The store is a treasure trove...there is indeed a select array of the finest vintage items. Some may even be classed as antique but I'm not qualified to say. We found room after room of nicely displayed collections of furniture, china, clothing, toys, and...books.
On spotting the books I began scanning the shelves for Lee Harper's first novel but quickly gave up as I couldn't really work the system employed by the staff to file their books (it definitely isn't the Dewey system!).

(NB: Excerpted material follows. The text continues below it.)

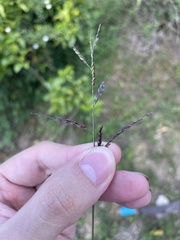 Eriochloa punctata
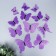 Magnet Plastic "Butterflies Double Wings - Shine" Violet set 12 pcs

A staff member was stacking more books from a trolley so I approached her and asked if they happened to have To Kill A Mocking Bird and when I saw the look on her face I hoped she didn't think I was mocking her! I could see her brain ticking over and I wondered to myself what retort she may be thinking up but after a few seconds her gaze, along with her mind I imagined, cleared and she uttered the words (or similar): Yes we do, I've just put one up on the shelf here.
Then to my amazement she walked over to a rattan shelf and she reached up to the top most shelf and from atop the top most book, she took down a forlorn paperback copy of the book I had requested. (I would never have looked there.) Seek and ye shall find. It is as simple as that. I paid three dollars for it.
Then two weeks or so later, at my local bookshop I paid $45 for a hardcover edition of Go Set a Watchman. Oh well. (And no, it's not a first edition, as far as I can work out.)
To Kill A Mocking Bird
As a first time reader of the first novel written by Lee Harper I found myself drawn in by the character of Scout Finch and even though the setting is in a different continent and a different time to my own childhood the many similarities astounded me. Perhaps both Scout and I commit, perhaps unconsciously, to existentialism.
The most innocuous is what at times connects (for example) generations, or cultures. Besides, this narrative most certainly continues to relate to contemporary issues in my own homeland, and I imagine, many parts of the western world.
Although reviews have described To Kill A Mocking Bird as a series of flashbacks in Jean Louise Finch’s life, I found them to be cohesive enough to not come across as a retelling of past events but rather, an unfolding of events in a troubling time as experienced by a young child, who perhaps is more open than most children to the impact of the behaviour of various adults and social groups in their life; as well as the conditions imposed on the children she associated with (or didn’t) as she grew up in Maycomb County, southern Alabama.
The questions it will trigger in the reader are as relevant today as they were back in the 1930s.
Go Set A Watchman
This novel has a definite beginning, middle and end. It questions life issues more directly, I think, than To Kill A Mocking Bird.
The beginning was slow, reminisces a lot about Jean Louise/ Scout's childhood , and written in a much shriller voice than that of the deep and worrisome chesty tones of To Kill a Mocking Bird. Perhaps it’s the inconsistent tone of the writing that left me feeling uneasy in the beginning.
As a result, I found the start of the book sedate and irritating, especially since I read it immediately after Lee Harper’s first book.
But it’s not long before Scout’s questioning of and refusal to accept the norms of her isolated and close knit community comes to the fore and once more I became enthralled and swept up by her thoughts and reasoning.
It’s been some years since Scout left Maycomb and this narrative is set during her annual visit to her childhood home.
Go Set A Watchman, in the twenty first century, has just as much relevance as it would have in the 1950s, but perhaps we as humans have evolved enough to process the message more readily. Whether we accept the challenge or not remains to be seen.
In the beginning this book made me laugh, in the end it brought me to tears but most importantly, in the middle, as I became absorbed by the conflicts experienced and betrayals perceived by Jean Louise, the words truly made me think and caused me to question my own views and beliefs towards people of other creeds, cultures, social standing and race. It raises the question of the probability of how civil rights and liberties are interpreted depends on which group is doing the interpreting.